- Opening Delimiter -
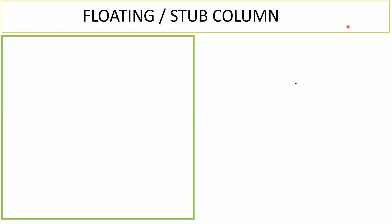Hello learners, in this lecture we will see what we mean by floating column, or what we mean by stub column. Floating and stub column are one and the same. First we will try to understand the theory, then we will try to see the practical aspects of this.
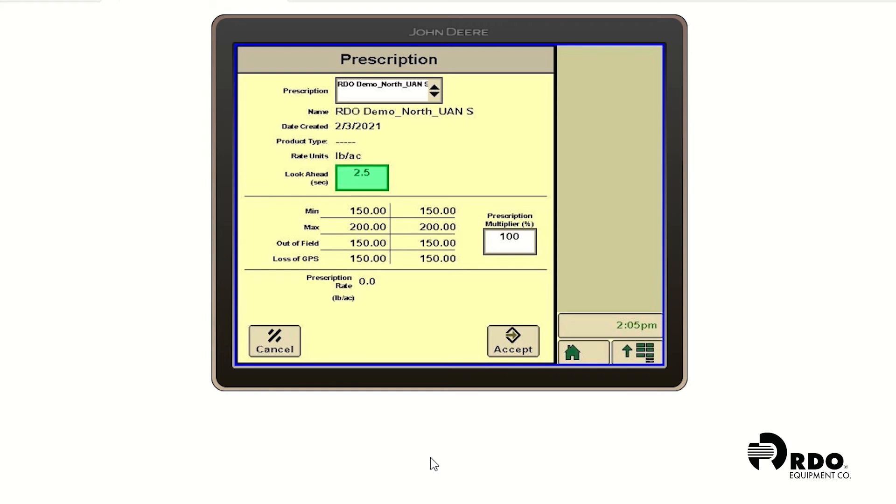We also have an option to multiply our prescription. So right now 100% is exactly how we drew up our prescription. We can change this above or below 100% to change the complete rate of the prescription. We're going to leave it at 100% and hit accept.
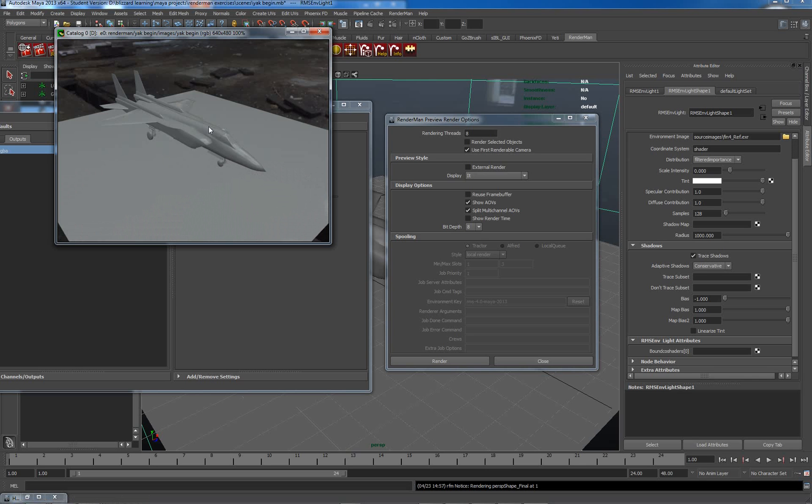But we really need some more stuff going on here to make things look right. Let's just stop here again for a second, and we'll come back with part three in a couple of minutes.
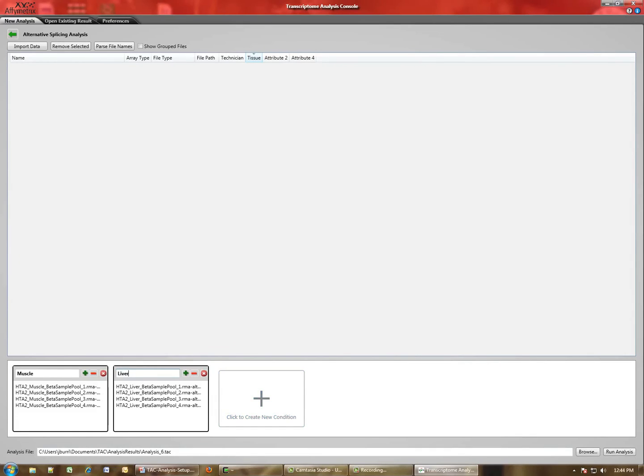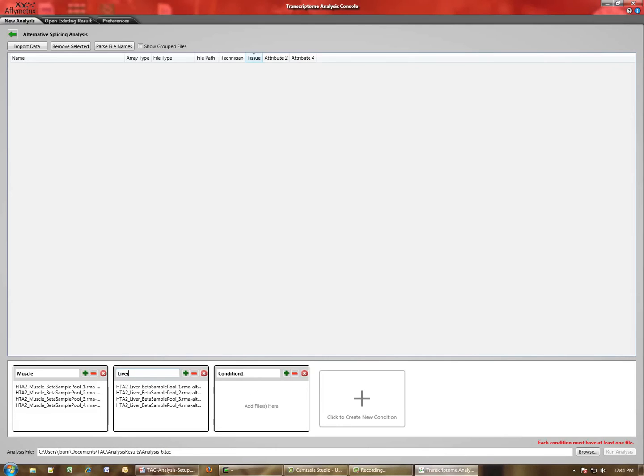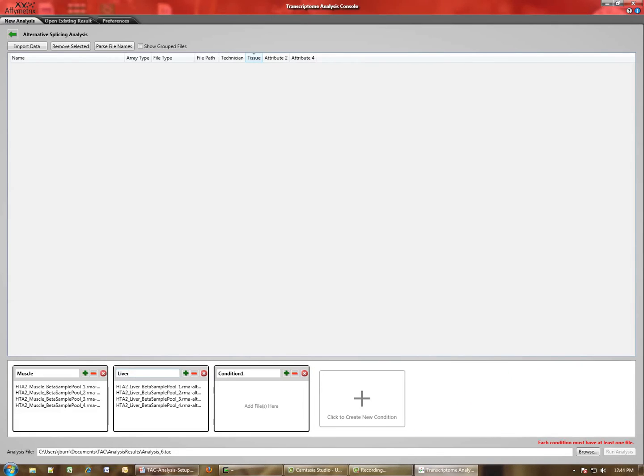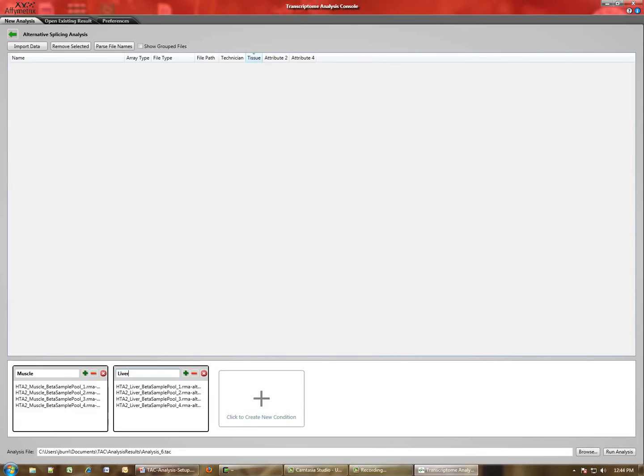If you had more conditions that you wish to investigate, you click the plus. It adds additional conditions, as many as you would like. You add the files into them as before. You'll note now that because we have two conditions without any files associated with them, we are not able to run an analysis. You have to have at least a single file in each condition in order for the analysis to be run.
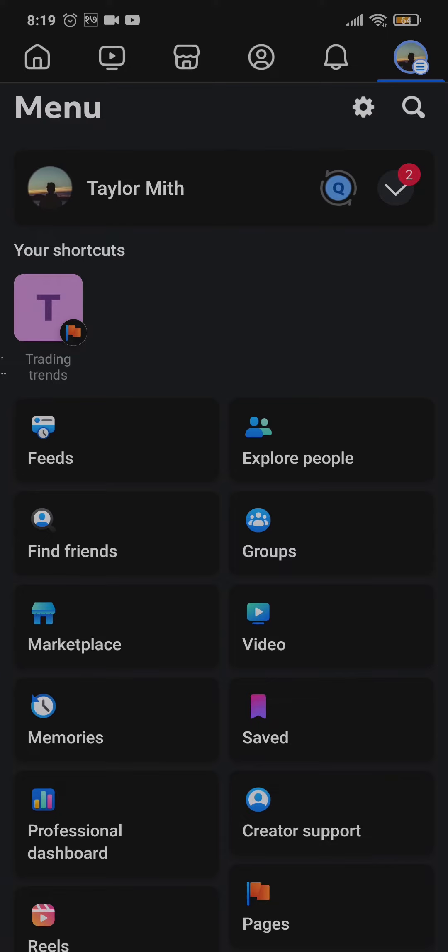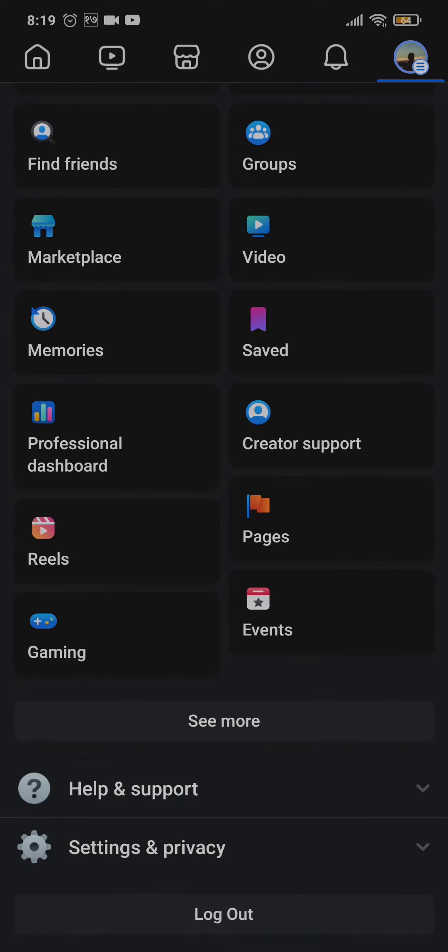Once you tap on it, this interface will open up and if you scroll down, you will straight away see an option of logging out.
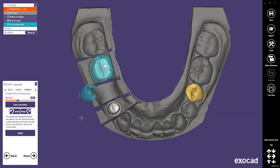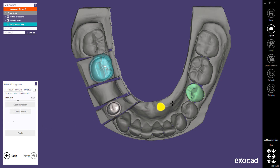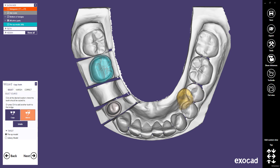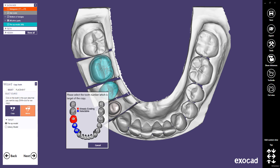Click Apply to apply your changes to the tooth. Then position the tooth and set it with a click. For Pontics, you will be prompted to select the target tooth of your tooth copy.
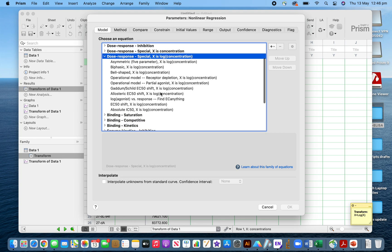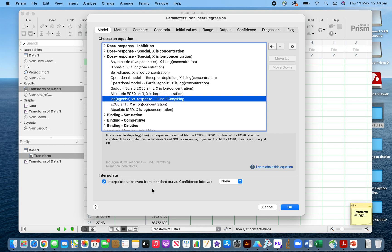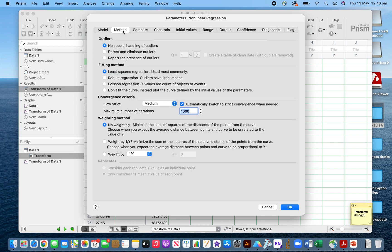I will go to the log agonist response because I transformed the data into log, and then the response, the absorbance, was not transformed. I'll select interpolate also because I need to get the unknown concentrations of unknown samples.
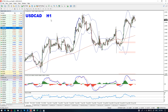Before we start with the new opportunity, let's quickly review the one shared yesterday. If you missed the video about the Dollar/Canadian buy opportunity, it's available in the top right corner of the video.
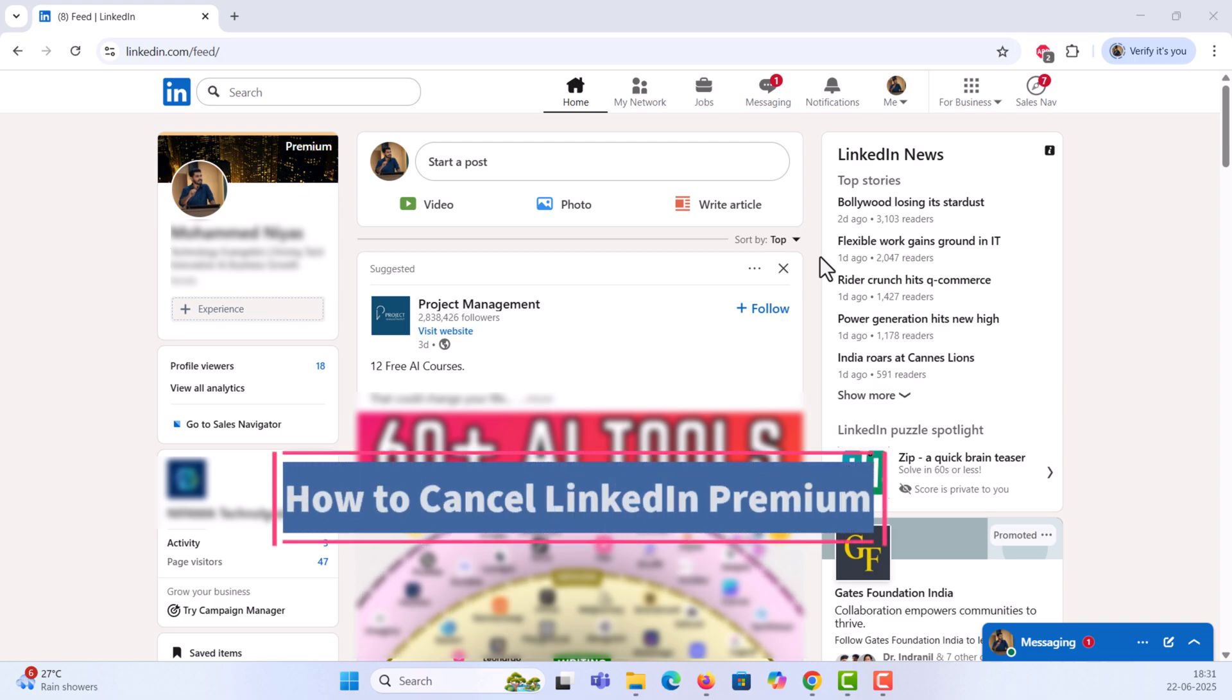Hey everyone! In this quick tutorial, I'll show you how to cancel your LinkedIn Premium free trial before you're charged. Let's get right into it.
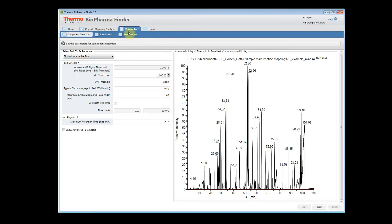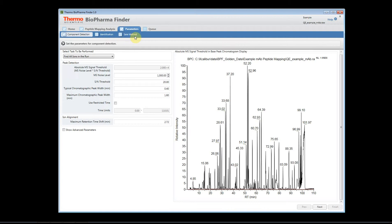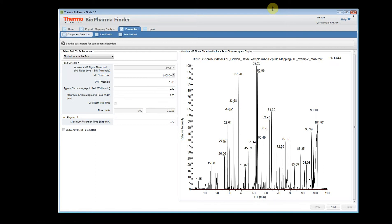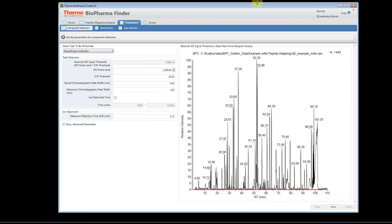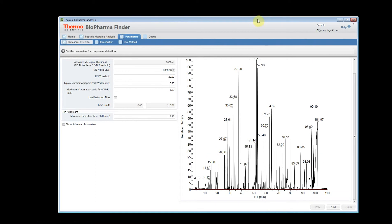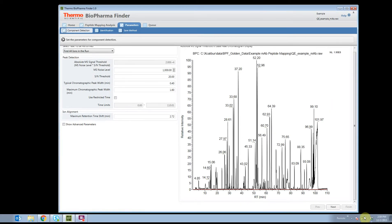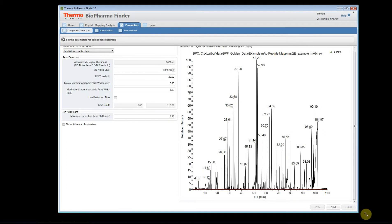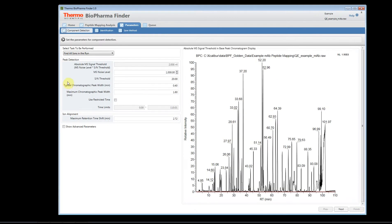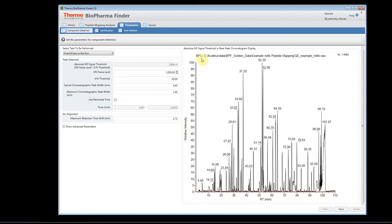Now we're in the parameters page where we can look at and interact with the data file in terms of our parameters for data processing. These are broken up into the component detection. We have an identification tab, and then we're going to have a tab that allows us to save our methods and review our parameters. First, let's start with the component detection. You can move and resize the application to make sure that you can see the base peak chromatogram that's displayed here and all the parameters. In case it's not quite fitting on your screen, just grab the bottom of the software and extend it a little bit. Here we have a very nice interactive graphic that does show the base peak chromatogram for the first raw file. If you're bringing in multiple raw files, it'll only be for the first one.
- Closing Delimiter -
• _ABOUT THIS TASK_
Word for word, restate the lines above from the one with "Before we start" through the one with "Hey everyone! In", keeping both ends and dropping the pictures.

• _RESULT BELOW_
Before we start with the new opportunity, let's quickly review the one shared yesterday. If you missed the video about the Dollar/Canadian buy opportunity, it's available in the top right corner of the video.
Hey everyone! In this quick tutorial, I'll show you how to cancel your LinkedIn Premium free trial before you're charged. Let's get right into it.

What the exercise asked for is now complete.